Your assignment — Go through the entries below from the first line and transcribe each one exactly, ending with the line that contains "NW30506 peel and".

########################################

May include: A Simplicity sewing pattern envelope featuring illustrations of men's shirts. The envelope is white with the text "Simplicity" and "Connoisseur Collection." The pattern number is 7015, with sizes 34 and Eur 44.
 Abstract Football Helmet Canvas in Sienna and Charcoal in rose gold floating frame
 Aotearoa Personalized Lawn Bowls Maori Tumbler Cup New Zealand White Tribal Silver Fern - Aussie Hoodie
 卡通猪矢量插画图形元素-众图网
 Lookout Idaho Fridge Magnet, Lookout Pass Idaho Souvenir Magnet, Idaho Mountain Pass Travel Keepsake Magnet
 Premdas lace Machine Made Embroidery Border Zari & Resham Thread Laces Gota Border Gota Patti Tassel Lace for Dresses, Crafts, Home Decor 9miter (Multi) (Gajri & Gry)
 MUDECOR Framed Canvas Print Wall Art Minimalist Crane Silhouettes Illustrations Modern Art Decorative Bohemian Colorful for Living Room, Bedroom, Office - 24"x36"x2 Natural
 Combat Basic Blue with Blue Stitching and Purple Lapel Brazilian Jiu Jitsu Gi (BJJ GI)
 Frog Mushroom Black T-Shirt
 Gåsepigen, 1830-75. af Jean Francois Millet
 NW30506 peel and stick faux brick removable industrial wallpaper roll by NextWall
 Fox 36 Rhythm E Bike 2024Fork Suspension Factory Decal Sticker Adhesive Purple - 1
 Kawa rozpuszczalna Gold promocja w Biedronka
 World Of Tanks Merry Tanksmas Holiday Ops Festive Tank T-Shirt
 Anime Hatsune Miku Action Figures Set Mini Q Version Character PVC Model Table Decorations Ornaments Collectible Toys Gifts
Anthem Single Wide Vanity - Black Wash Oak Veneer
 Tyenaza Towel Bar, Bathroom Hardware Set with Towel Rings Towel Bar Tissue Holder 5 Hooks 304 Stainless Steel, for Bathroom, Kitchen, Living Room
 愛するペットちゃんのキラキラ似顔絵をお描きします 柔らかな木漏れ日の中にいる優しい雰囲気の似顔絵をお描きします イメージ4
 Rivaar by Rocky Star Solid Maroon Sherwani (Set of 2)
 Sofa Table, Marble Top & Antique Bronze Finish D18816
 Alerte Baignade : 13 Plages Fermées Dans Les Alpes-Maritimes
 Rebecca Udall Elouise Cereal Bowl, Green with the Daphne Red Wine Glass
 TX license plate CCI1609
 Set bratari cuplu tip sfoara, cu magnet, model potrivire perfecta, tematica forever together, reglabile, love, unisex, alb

########################################

Output of the task —
May include: A Simplicity sewing pattern envelope featuring illustrations of men's shirts. The envelope is white with the text "Simplicity" and "Connoisseur Collection." The pattern number is 7015, with sizes 34 and Eur 44.
 Abstract Football Helmet Canvas in Sienna and Charcoal in rose gold floating frame
 Aotearoa Personalized Lawn Bowls Maori Tumbler Cup New Zealand White Tribal Silver Fern - Aussie Hoodie
 卡通猪矢量插画图形元素-众图网
 Lookout Idaho Fridge Magnet, Lookout Pass Idaho Souvenir Magnet, Idaho Mountain Pass Travel Keepsake Magnet
 Premdas lace Machine Made Embroidery Border Zari & Resham Thread Laces Gota Border Gota Patti Tassel Lace for Dresses, Crafts, Home Decor 9miter (Multi) (Gajri & Gry)
 MUDECOR Framed Canvas Print Wall Art Minimalist Crane Silhouettes Illustrations Modern Art Decorative Bohemian Colorful for Living Room, Bedroom, Office - 24"x36"x2 Natural
 Combat Basic Blue with Blue Stitching and Purple Lapel Brazilian Jiu Jitsu Gi (BJJ GI)
 Frog Mushroom Black T-Shirt
 Gåsepigen, 1830-75. af Jean Francois Millet
 NW30506 peel and stick faux brick removable industrial wallpaper roll by NextWall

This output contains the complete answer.